Solving_sudoku

I am trying to compare the cost of time for each approach to solve sudoku. It proves the importance of efficiency of algorithms.

Some approachs are never gonna solve a large size problem (I mean, at least for several hunderds of years), some other approachs can solve a really large problem in a few minutes.

Half Naive Approach

It generates a list of possibilities for each empty box at first, then try those possibilities one by one.

The efficiency is really low, because it spends a lot of time trying a large amount of ridiculous attempts.

For example, there're three empty box, each of them has 3 possibilities. (It's just a example, it's not gonna happen.) This program would generate a list of possibilities like [ [ 0, 0, [1, 2, 3] ], [ 0, 1, [1, 2, 3] ], [ 0, 2, [1, 2, 3] ] ]. Containing each empty box in a list, where the first two elements represents the location of the box (row number & column number), the third element represents the possible value for this particular box. In thsi case, the main function would generate a solution like [0, 0, 0], it means to fill every empty box with the solution of 0 indexing, which is the first element in the possibility list, 1.

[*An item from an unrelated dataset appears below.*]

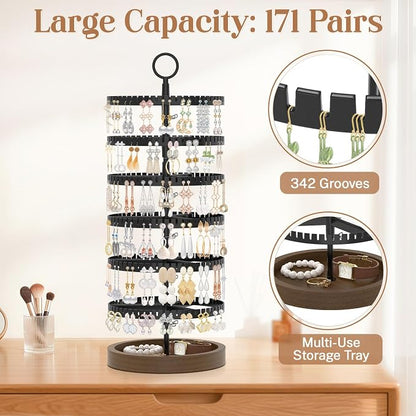 iDavosic.ly 6 Tier Rotating Earring Holder Organizer with Wooden Tray, Large Dangle Display Stands Tree with 342 Plastic Grooves, Adjustable Hoop Storage Rack, Space Saving Tower, Black & Brown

Then, the first box is fill by 1, as well as the second and third box. After passing the modified board to the check function, the main function would know that it's not a correct answer and generates a new solution.

The solution would generates like this: [0, 0, 0] [1, 0, 0] [2, 0, 0] [0, 1, 0] [1, 1, 0] [2, 1, 0] [0, 2, 0] [1, 2, 0] [2, 2, 0] [0, 3, 0] ......

The frequency is really low, because it generaetes a lot of ridiculous solutions. For example, when the box [0, 0] was filled by the 1, the box [0, 1] shoul have a different value because they're on the same column. Then [0, 2] should have no choice but have to choose the one that the others didn't choosed, because there shouldn't be duplicate numbers on the same row/column/square.

However it's capable for solving small size problems (like 25 empty box). My MacBook solves the answer for 25 empty box in 1 seconds.

Smarter Approach

A fill_information function was added in this approach. The program would try to fill in the blanks that are very obvious, bofore it tries to crack by attempting every possibilities.

The fill_information will first fill thost blanks which has only one possibilities (by checking their neighbour), if the modification made some other blanks that has more than one possibilities reduced their problem size to just one possibilities, loop the whole process, until there're no more informations could be fill by their neighbour.

In most cases, it shorts the problem size really quickly and performs very fast. It solves the same problem for 'Half naive approach' in just 0.04 seconds.

A Lot Smarter

Using a function call try_attempt to replace the old main function. In this way, the problem size is significantily reduced.

In general, after trying to fill the obvious informations in the blanks, it starts to try putting a number (from the possibility list) in one of the empty box, then refresh the possibility list. And try putting another number in another empty box...... until it detects there's mistakes (detects empty possibilit list for any unfilled box or detects duplicated numbers). When there's mistake detected, the recursive function goes back and change the value.....

It's way more faster because it doesn't try as much attempts as the 'Smarter Approach' and 'Half Naive Approach', and also detects mistakes before it the mistake happens.

Coloured Edition

Add colors to the 'A Lot Smarter' approach. Original numbers would display as red, filled boxes would display as green.

BOSS

It's faster than the 'A Lot Smarter' approach. It tries to fill the blank every time the attemps happens, which saves a lot of unnecessary attempts.

SUPER

It's faster for some complicated problems but slower for some simple problems. This approach will sort the possibility list by the length (numbers of items on the list), and then do the attemp. For those complicated (large size) problems, it would save a lot of time on attempting. Because it does the simple work first, at the same time it reduces the amount of calculation before it detects error. Having an effect that it tries fewer attempts than the BOSS solution for larger size problems.

The sorting part is based on merge sort, which is a really fast way to rearrange the possibility list. The additional functions for this approach is on the sort_list.py.